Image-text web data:

--- --- ---

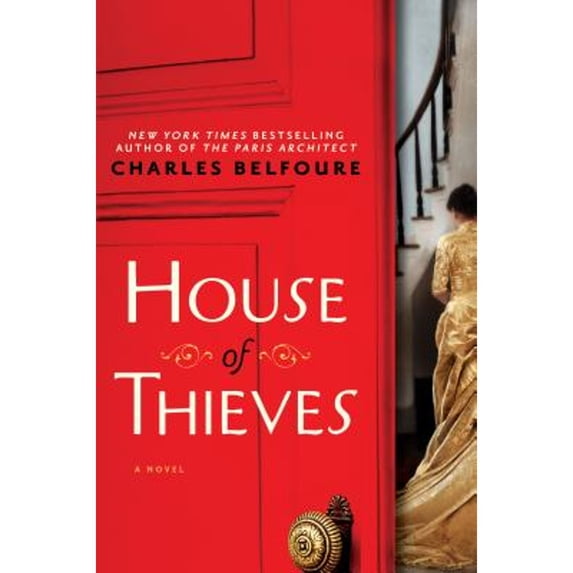 Pre-Owned House of Thieves (Paperback) 1492633089 9781492633082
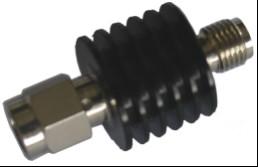 5W VSWR 1.15 1.3 1.25 Coaxial Fixed Attenuators 15.5×32mm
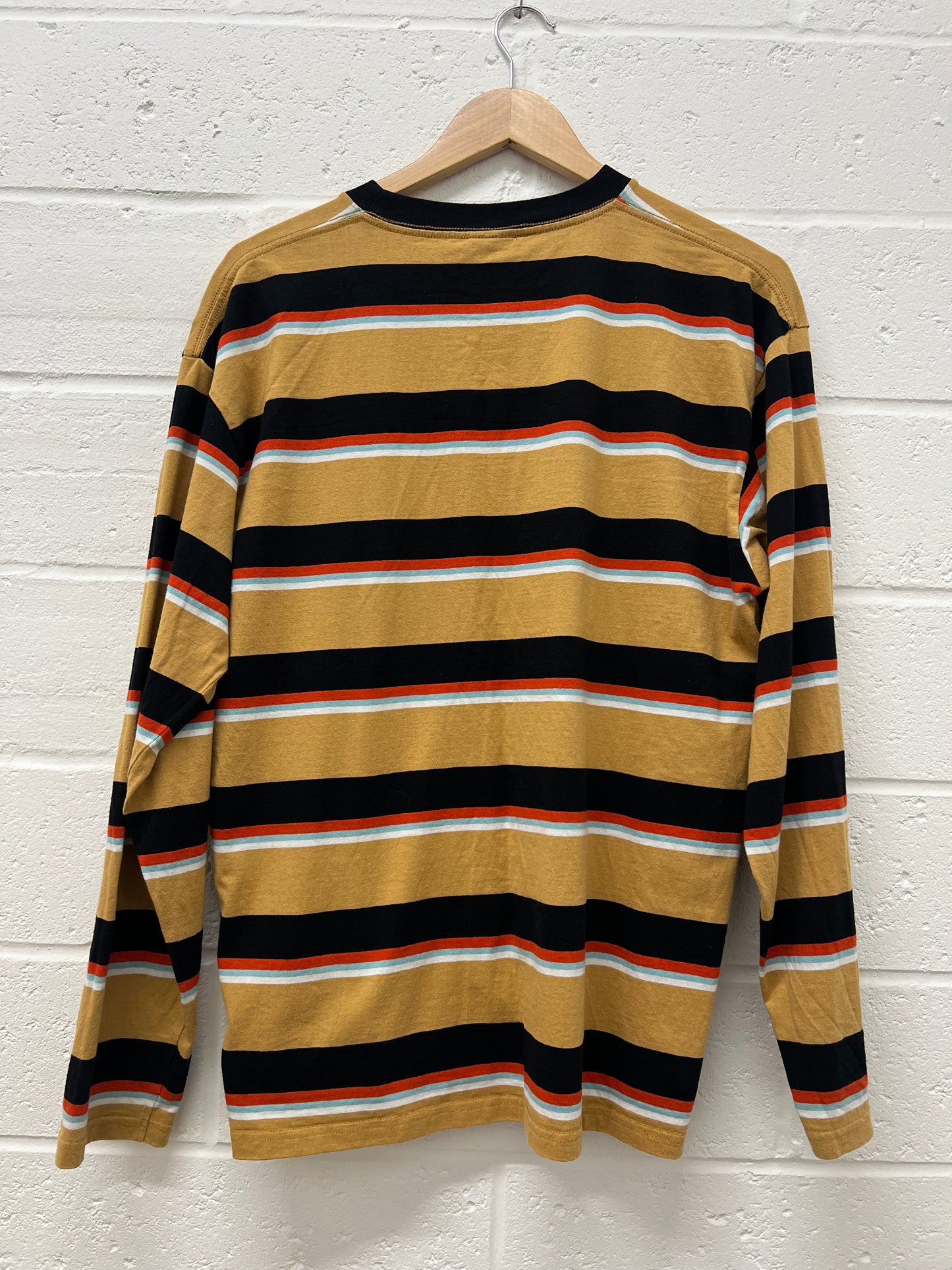 Highsnobiety - Striped long sleeve t-shirt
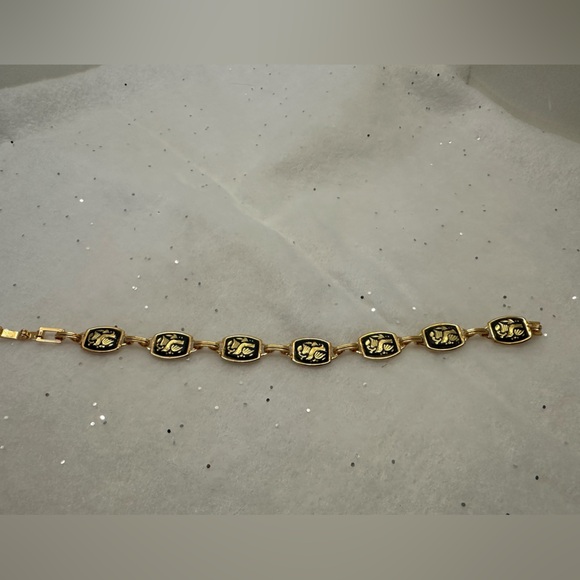 18k gold Small Bracelet from Spain - Picture 3 of 9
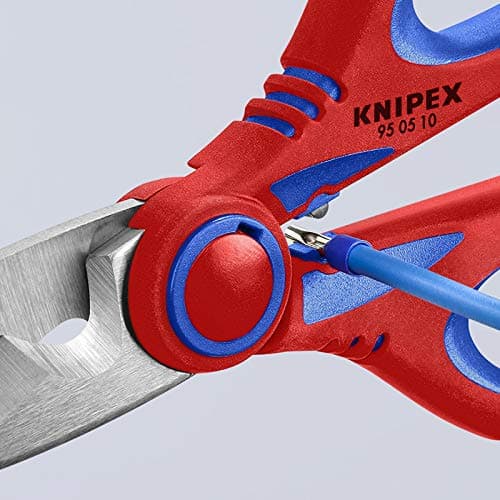 Electricians' Shears w/Crimper thumbnail 4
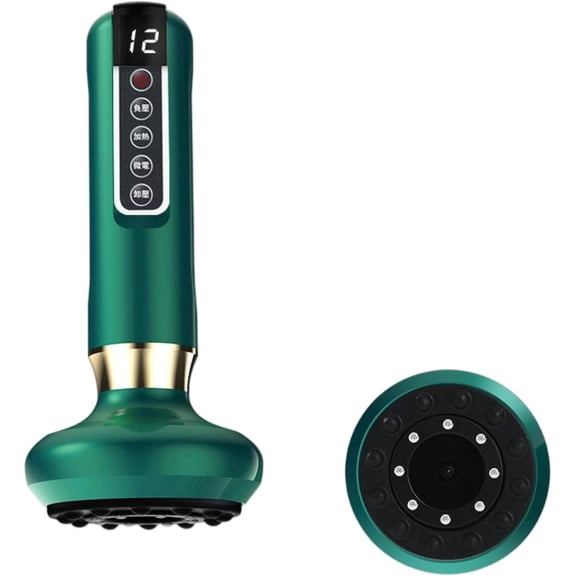 Body Massage Tool Set-103 Electric Scraping Instrument for Home Use, Cupping Massage Device, Meridian Brush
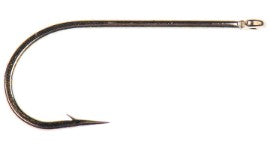 Core C1110 Dry Fly Straight Eye Hook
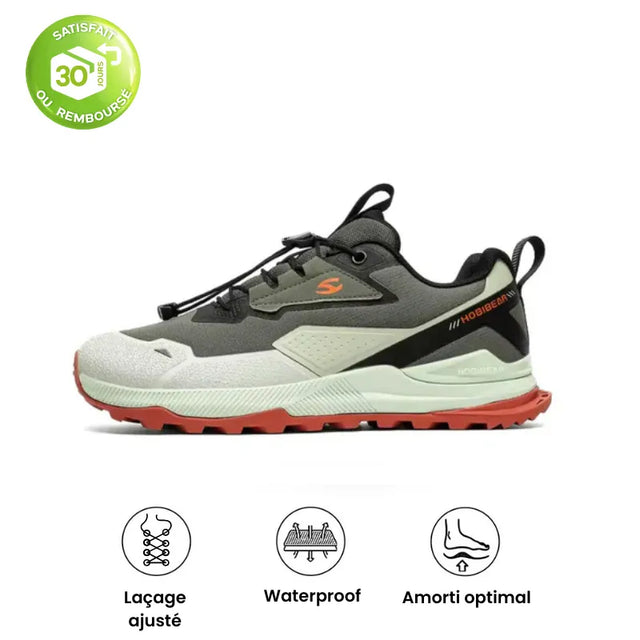 Hobibear GTX™ - Chaussures de marche sportive basses Waterproof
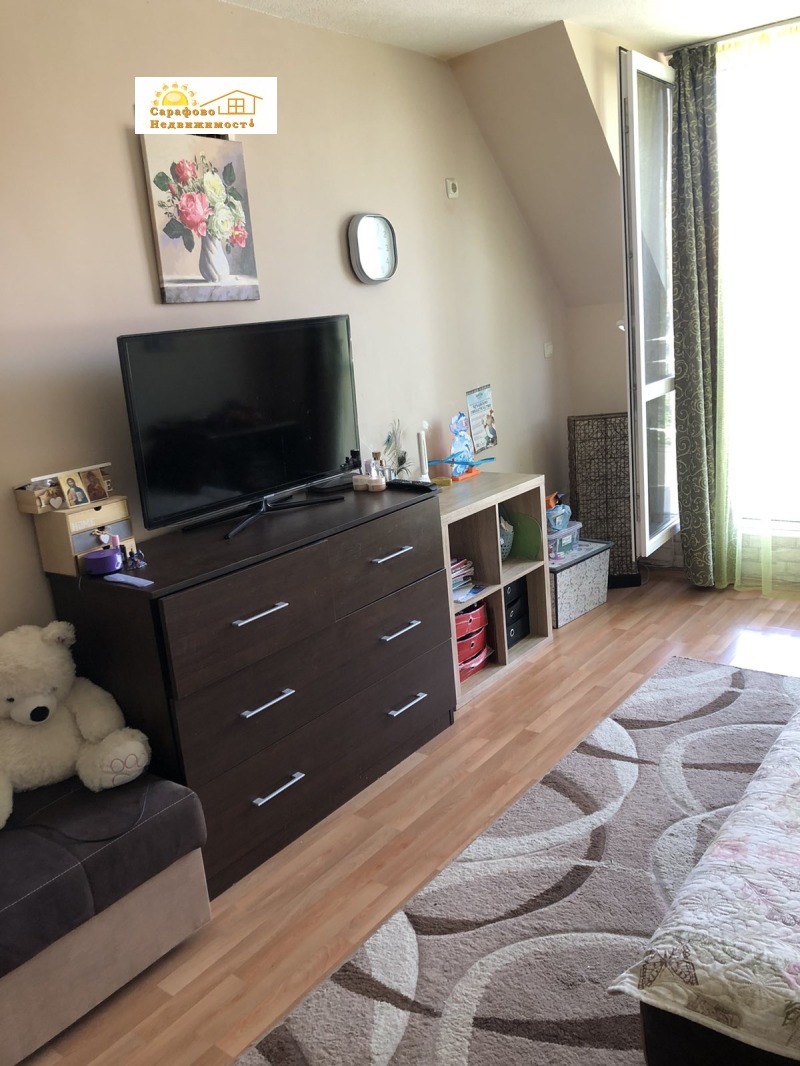 Продава 2-СТАЕН, гр. Бургас, Сарафово, снимка 4 - Апартаменти - 53285833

--- --- ---

◆ Task brief
Only the lines above from the one with "5W VSWR 1.15" to the one with "Core C1110 Dry Fly Straight Eye Hook" should be printed, both included and exactly as written; no picture belongs in the copy.

◆ Expected answer
 5W VSWR 1.15 1.3 1.25 Coaxial Fixed Attenuators 15.5×32mm
 Highsnobiety - Striped long sleeve t-shirt
 18k gold Small Bracelet from Spain - Picture 3 of 9
 Electricians' Shears w/Crimper thumbnail 4
 Body Massage Tool Set-103 Electric Scraping Instrument for Home Use, Cupping Massage Device, Meridian Brush
 Core C1110 Dry Fly Straight Eye Hook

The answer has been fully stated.